Here is some discussions on the Search project:
spikeflaptor
===========
“precision” is an incredible imprecise word. Moreover, “relevance”
means different things for different persons. If you’re serious about
improving relevance, the only way to go is to assemble a test team
large enough to be representative of most different search interests
of potential users. In our experience, this in no trivial task, as
you’ll soon realize that all your friends, coworkers, family,
acquaintances, etc, lie in a very particular ecological niche
regarding search habits.
The current search implementation at wordpress does weight different
parts of the page, as title and body. I don’t recall if we’re indexing
comments… our fear was leaving the system very vulnerable to spamming.
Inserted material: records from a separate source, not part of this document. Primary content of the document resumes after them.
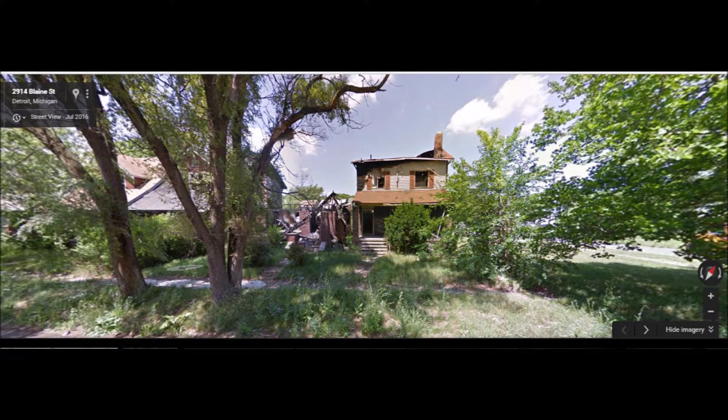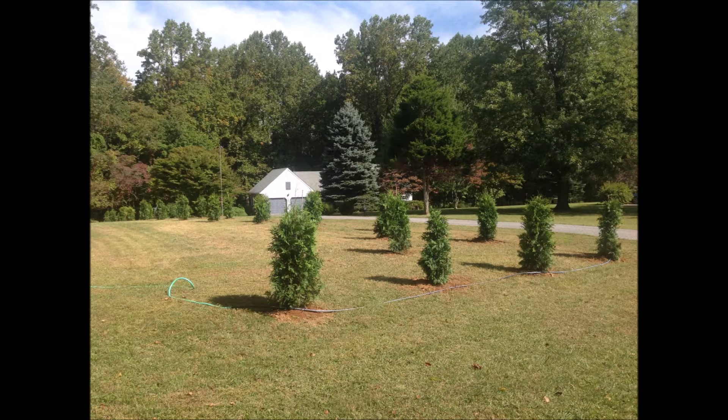Ugly neighbors and ugly neighborhoods are all across the United States, so we sell Green Giants to all kinds of places for all kinds of uses. Small Green Giants can help block out a neighbor.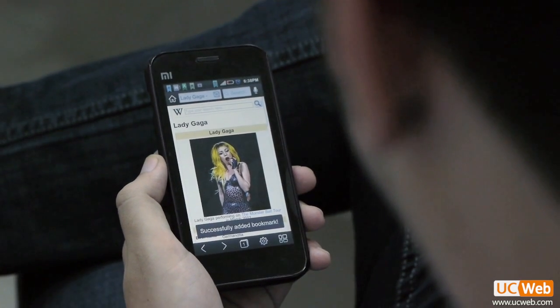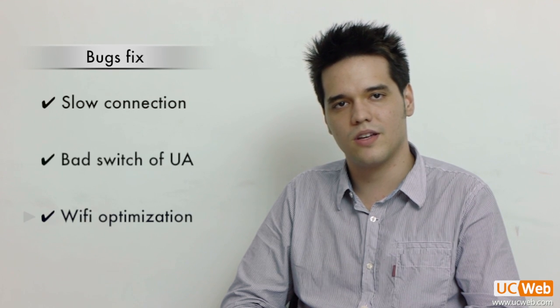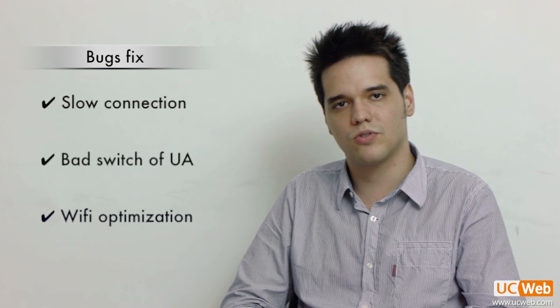Of course, there are some limitations of the websites listed. In addition, we have solved the issues of slow connection, bad switch of UA, and the problem of not being able to close the Wi-Fi optimization window. We always seek to give users a better experience with our browser, and I believe we have delivered this message with the new Android 8.2 version.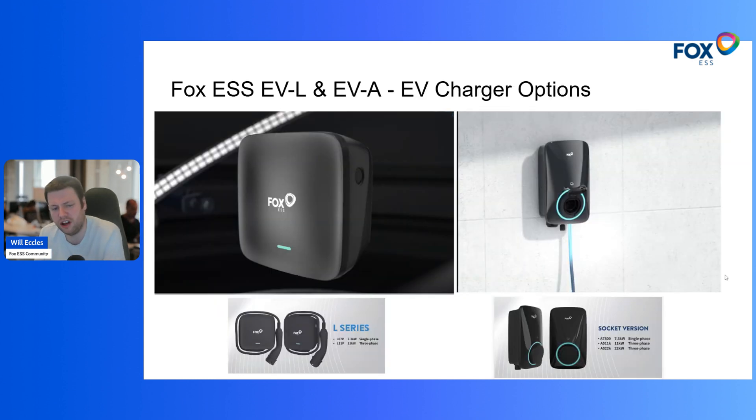Fox have also released a new EV charging option. The box on the left is called the L series, which comes in a tethered-only format including the charging cable. It's available in both single and three phase — 7.3 kilowatts for single phase and 11 kilowatts for three phase. The EV charger on the right is something seen in various marketing videos over the last couple of years, referred to as the A series charger. It comes in both tethered and untethered formats, so you can use your own cable, and supports the same single and three phase charging speeds.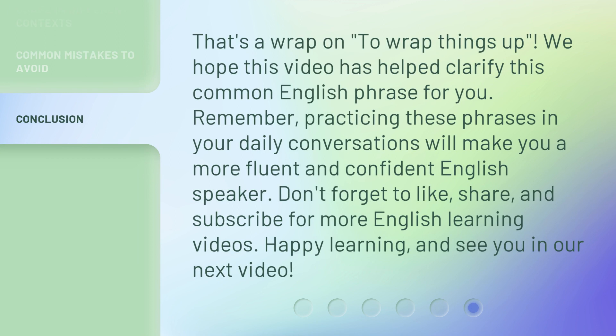That's a wrap on 'to wrap things up.' We hope this video has helped clarify this common English phrase for you. Remember, practicing these phrases in your daily conversations will make you a more fluent and confident English speaker. Don't forget to like, share, and subscribe for more English learning videos. Happy learning, and see you in our next video.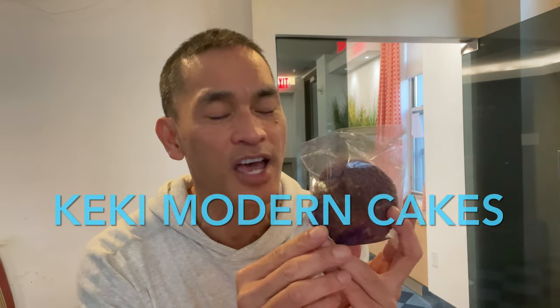Ube flavored cream puff. This is really good. I paid $4 for this at Keki Modern Cakes on Mott Street. They have four flavors: pistachio, cookies and cream, milk, and this one — but this is my favorite. I guess I'm being Filipino, and Filipinos love ube, or taro, or purple yam.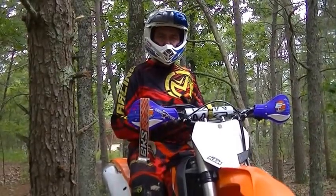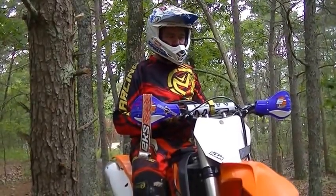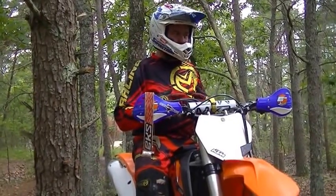Hey, Rich Lafferty here, Rich Lafferty Riding Schools. Doing our Thumper Talk video tip today, and we're discussing ditches.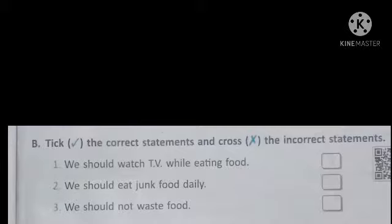First one: we should watch TV while eating food. No, it's a wrong statement — we put a cross here. Second: we should eat junk food daily. No, it's also an incorrect statement.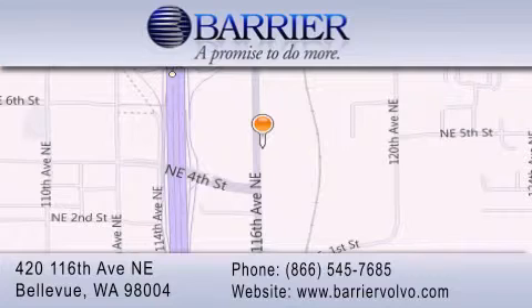For additional information, please visit our website, give us a call, or stop by our dealership. We are conveniently located in downtown Bellevue, just off I-405 at 420 116th Avenue NE. We look forward to serving you.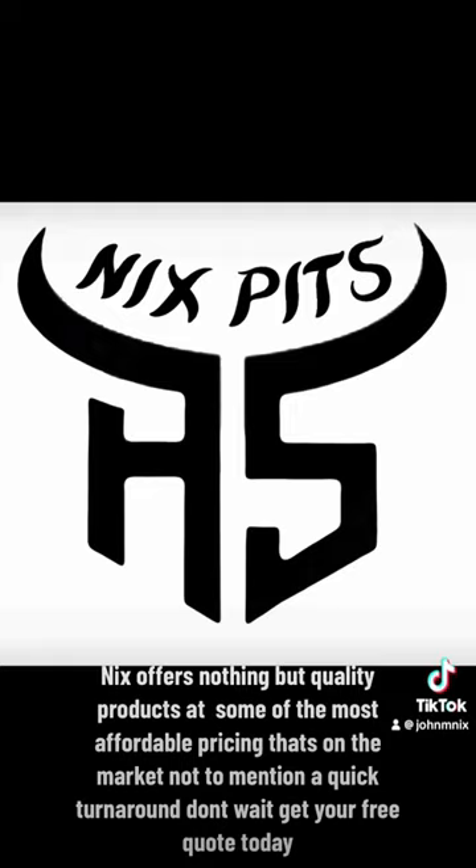NYX offers nothing but quality products at some of the most affordable pricing on the market — not to mention a quick turnaround. Don't wait. Get your free quote today.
Spam control is a neverending story. It a war that forces continuous
adaptations on both bands, while at the same time, it’s not an end on
itself and we’re trying not to waste resources on it. This is why I
think that advanced spam control techniques are better left alone
until needed: show off all your arsenal right from the beginning, and
you’ll be attacked only once.
You’re absolutely right about phrase queries, I think we should enable
them by default.
Hailin Wu wrote
==========
Thanks for your feedback.
Let me give two simple examples to illustrate what I mean by
relevance:
http://en.search.wordpress.com/?q=hailin+wu
Gives no results, although I have a few WP blogs,
and google search gives
hailin.wordpress.com, my main blog.
http://en.search.wordpress.com/?q=matt
gives random results with matt on the post title.
Google search gives
ma.tt
I guess it’s inherently difficult to solve this issue
when the search subjects set is small, such as when it’s within
wordpress.com blogs. Page rank, which is the secret to google’s
precision, can not be adequately applied when the space is small.
However, it seems Google has a way to deal with this. Google sells
site search appliance
http://www.google.com/enterprise/
I am just wondering what algorithms they used to produce more relevant
results.